The last time India played Australia in a home ODI was 11 months earlier, for a series in March 2012.  The 2nd match of that series was notable for being the last time Australia posted 300 in an ODI.  In the intervening period, Australia have repeatedly expressed a desire to take their scoring to a new level.

Australia remain the most consistent side in terms of 250+ totals (once every 1.93 innings since the start of 2016, the next best is England at once every 3 innings, and the ODI average is 4.57. India are third with a rate of a 250+ total once every 3.56 innings) but have seen several other sides break 300 since they last did.  Australia’s 296/6 in the 2nd Ashes ODI in October was their highest total since the 2012 India series.

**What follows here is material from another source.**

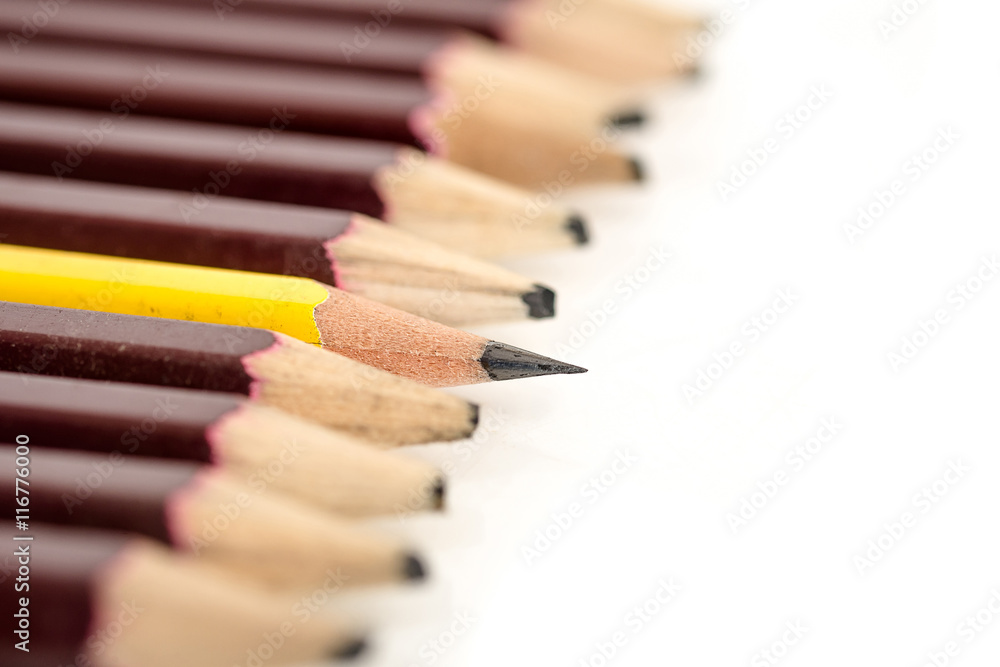 sharped yellow pencil standing out from crowd of blunted black f sharped yellow pencil standing out from crowd of blunted black f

300+ ODI totals since Australia last made 300:
4 England; New Zealand
3 South Africa
2 India
1 West Indies


That 2nd ODI on 14th March 2012 also featured another stellar bowling performance from Perry.  Her ODI career best 8.1-3-19-5 are the best ODI figures against India on home soil.

Since that 2013 World Cup ankle injury however, Perry has never quite been as fast or as threatening.  Her heroic World Cup final effort was arguably the last great spell of ODI bowling in her career (Perry was excellent with the ball in the Ashes Tests at Perth in 2014 and Canterbury in 2015).

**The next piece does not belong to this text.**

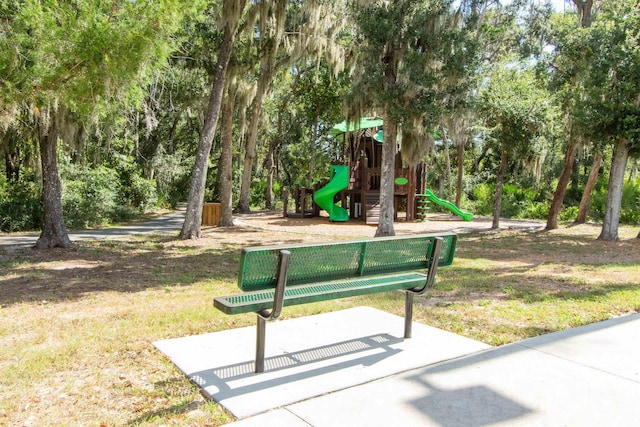 view of home's community featuring a playground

Perry has of course more than made up for diminished returns with the ball by embarking on an astonishing run of scores with the bat.

Ellyse Perry all-round stats up to & after her last ODI in India (2013 WC final):

Ellyse Perry all-round pre post 2013 WCa.png

When she last played an ODI in India, Perry was one of the world’s great fast bowlers.  She returns to ODI cricket in India as the one of the most consistent batters in World cricket.

In the 2013 World Cup final, Perry came in at #9 and had batted above #7 just once in her 33 previous ODI innings.  In her 38 innings since, Perry has never batted  below #6 and has scored the 3rd most runs (1,932), at comfortably the best batting average (74.30) in women’s ODIs.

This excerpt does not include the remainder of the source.